_Given material_:
*** Block opens ***

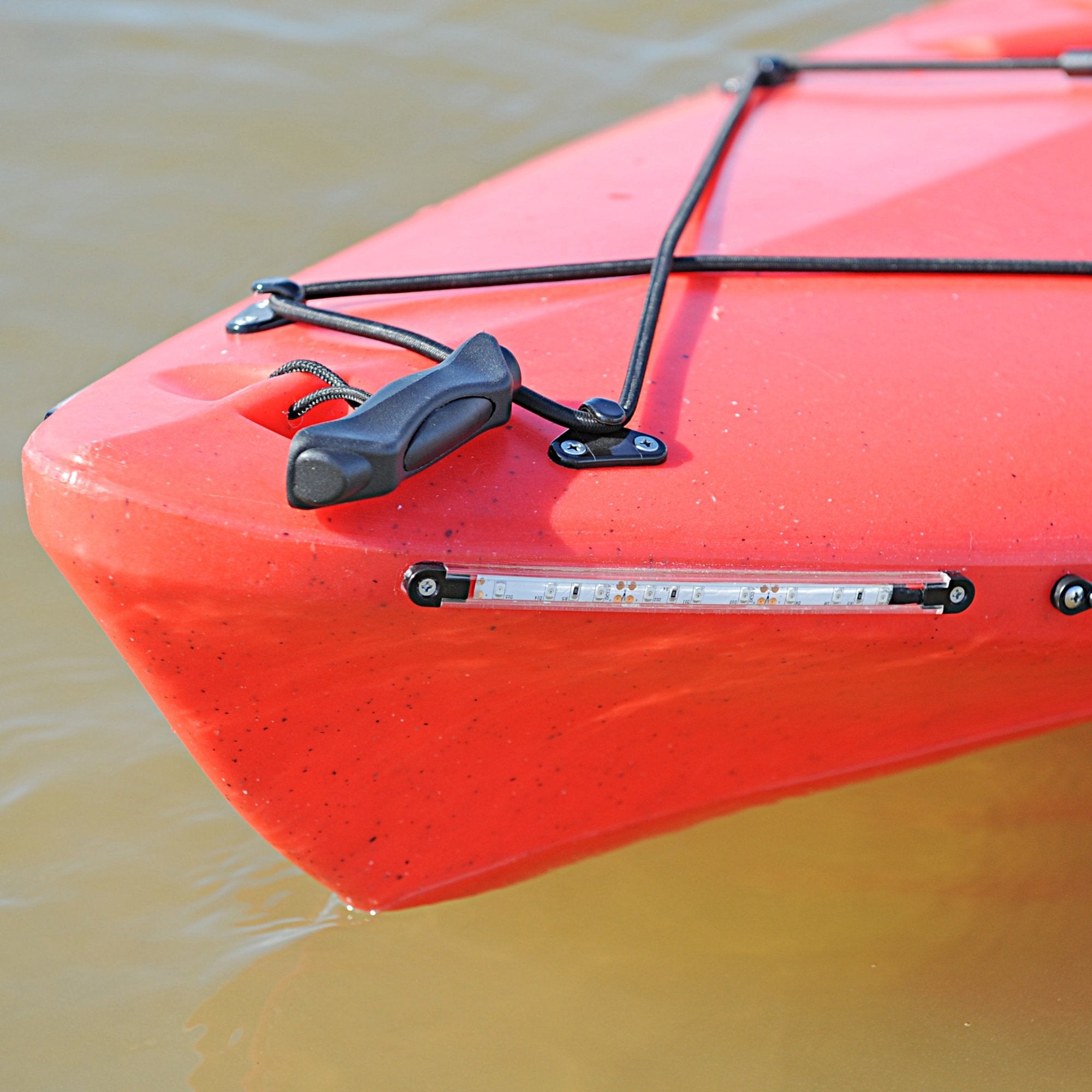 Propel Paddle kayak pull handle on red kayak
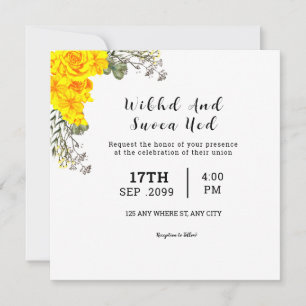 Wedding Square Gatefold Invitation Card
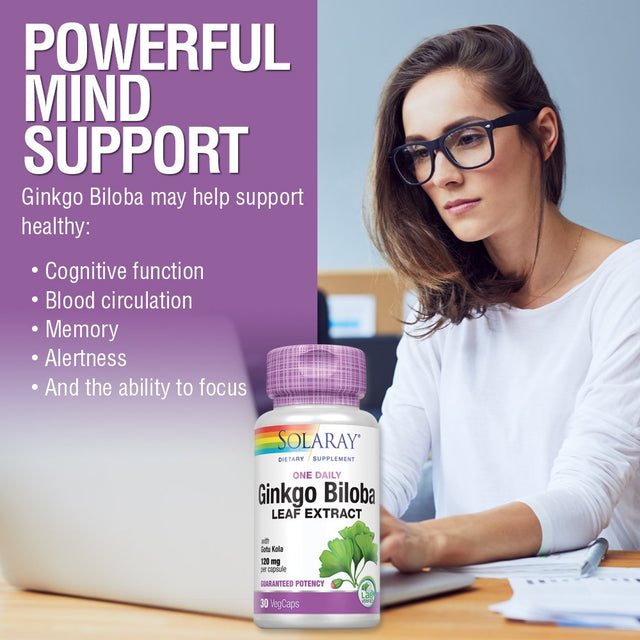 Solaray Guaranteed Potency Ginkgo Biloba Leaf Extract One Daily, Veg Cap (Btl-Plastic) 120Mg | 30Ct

*** Block closes ***

When you retype the listing above, keep each line exactly as written and drop the pictures.

 Propel Paddle kayak pull handle on red kayak
 Wedding Square Gatefold Invitation Card
 Solaray Guaranteed Potency Ginkgo Biloba Leaf Extract One Daily, Veg Cap (Btl-Plastic) 120Mg | 30Ct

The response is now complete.